Silver tally a weekly gain of nearly 16%
Gold futures on Friday scored a record finish, with prices up almost 5% for the week, as rising U.S.-China tensions and jitters about the economic outlook fueled haven-related demand for the precious metal.
“Looking at the longer term outlook, the currently very uncertain macro backdrop paired with unprecedented stimulus measures and near record-low interest rates, the gold rally should be sustainable for months and likely quarters to come,” Tyler Richey, co-editor at Sevens Report Research, told MarketWatch.
China on Friday ordered the U.S. to close its consulate in the western city of Chengdu, the latest salvo in a dispute between Washington and Beijing. The U.S. earlier this week ordered China to close its Houston consulate, alleging Chinese agents had tried to steal data from facilities in Texas.
Tensions between the two of the world’s economic superpowers “prompted a risk-off move in markets,” analysts at UBS wrote in a research note dated Friday.
The analysts said that while they expect gold to continue “to be supported by rising geopolitical tensions,” they believe the “primary drivers of the gold price are its negative correlation to real interest rates and the dollar.”
Those factors, “in combination with limited supply growth as miners continue to restrain capex spending, will drive gold prices higher,” they said.

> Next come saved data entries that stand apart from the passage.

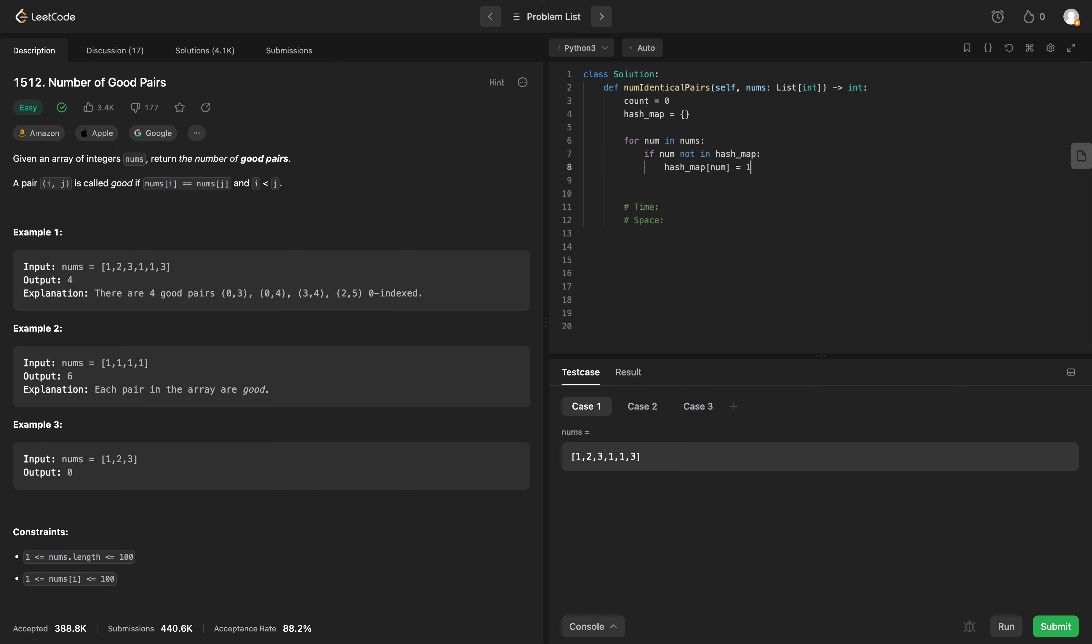We're essentially keeping track of the counts. Otherwise, if it's already in there, we want to increment our count by the number of counts we've already seen. So we will say count plus equals hash map of our current number.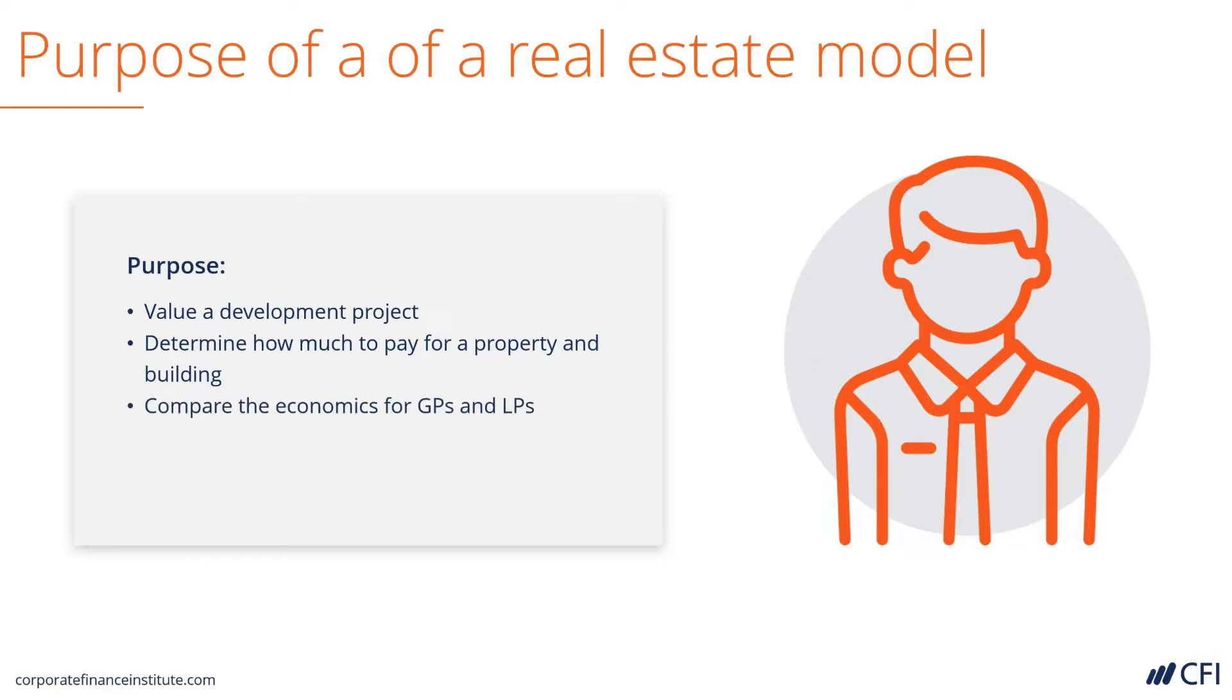We can use it to compare the economics for general partners and limited partners, and see if the difference makes sense relative to the risk and effort that goes into the development.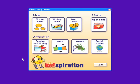The starter screen makes it easy to begin any project. Kidspiration has three views. In Picture View, students build graphic organizers with pictures and words.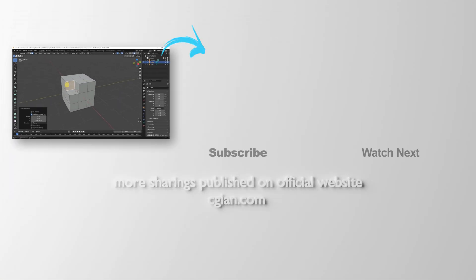So this is how we can extrude inverse using manifold in Blender. Thank you for watching this video. Hope this helped. Please subscribe to this channel. More videos will be shared with you. I'm CG Ian. See you in the next video.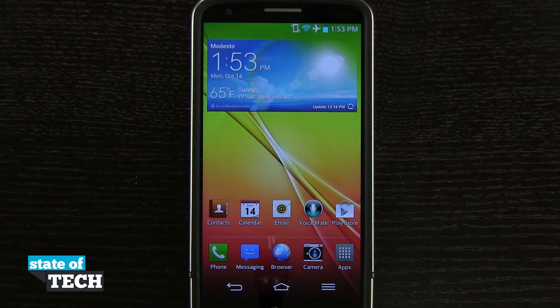Welcome to State of Tech. I've got another LG G2 tip for you. I'm going to show you how to change an app icon into a widget.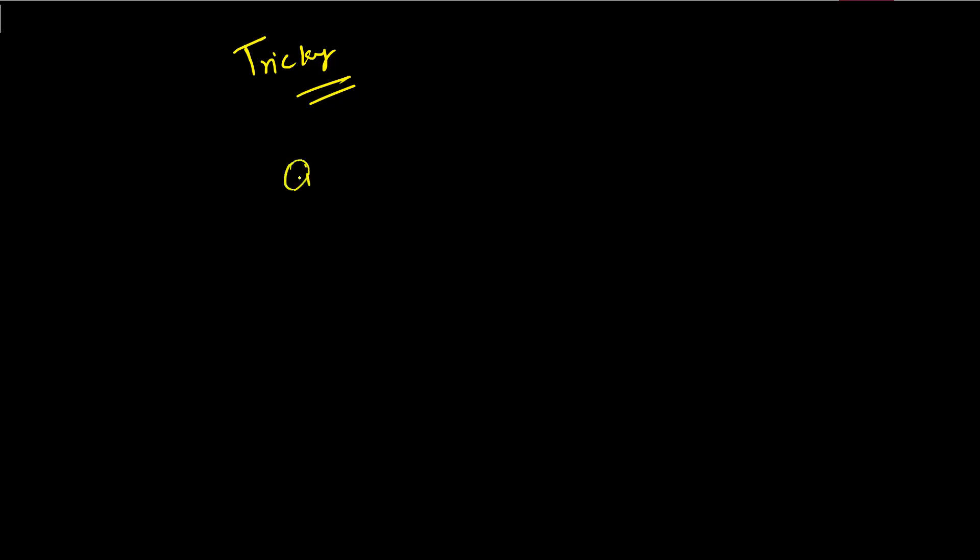Without having much discussion on these things, let's discuss about this question. So what this question actually means? First of all, let me give you a context. Let's say you are having a parent class in which you are having some function, let's say the function name is foo or func, any name you can give. So this is the function we are having in the parent class. In child class as well, we are having the same function.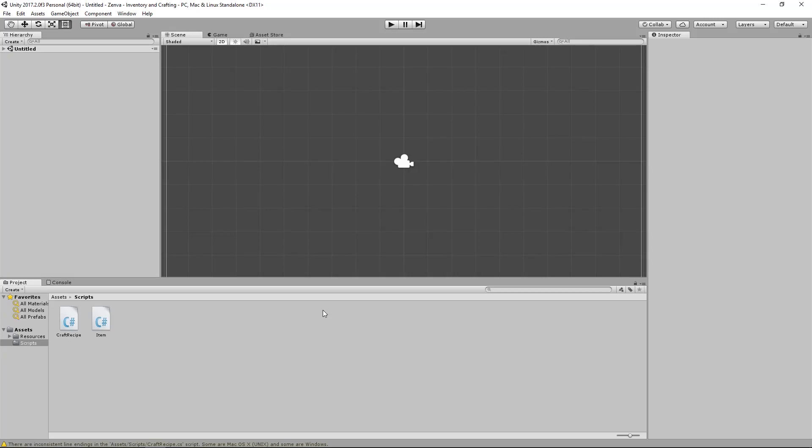Hey guys, welcome back. In this lesson, we're going to create the item database for our inventory system. We're going to define all the items in our system. I'm not going to have many, but I'm sure you'll have a ton for yours because you have an actual game going. I just have a little demo going. So I'm going to create some dummy items to play around with and show you how to construct a simple database of these items, and then in the next lesson we're going to create the recipe database in a very similar fashion.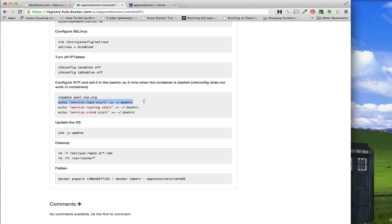I set a couple of services to start on boot. With Docker containers, chkconfig doesn't work because the container is accessed slightly differently than a regular box. So instead I just echo a service start command to the .bashrc. Whenever that container is started up, it runs through any commands in the .bashrc file and fires those services up — NTP, syslog, and cron all get fired up every single time one of my containers starts up. Then I updated it to get all the security and regular updates.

August gold GC00, 1.45% GCQ20, 1.45%, the most actively traded contract on Comex, climbed by $7.50, or 0.4%, to settle at $1,897.50 an ounce. That surpassed the all-time closing high of $1,891.90 for a most active contract set in August 2011, according to Dow Jones Market Data.
“The active August futures contract has still failed to break out to a fresh record [intraday] high north of $1,923,” said Richey. “Based on the bullish fundamentals, which include a downward trending dollar and falling real yields, it is only a matter of time until we see new all time highs though.”
The all-time intraday high for a most actively traded contract stands at $1,923.70 an ounce from Sept. 6, 2011. On Friday, August gold climbed to as high as $1,904.60.
The price move comes as the front-month contract notched a fresh all-time high for a second session. The front-month July gold contract GCN20, +0.45%, which trades on much lower volume, rose $8.20, or 0.4%, to $1,897.30 on Friday. That was a record for the front-month contracts, based on data going back to 1975.
Also Friday, September silver SIU20, 5.62% fell 14 cents, or 0.6%, to $22.85 an ounce.
For the week, based on the most-active contracts, gold futures saw a 4.8% gain, while silver surged 15.6%.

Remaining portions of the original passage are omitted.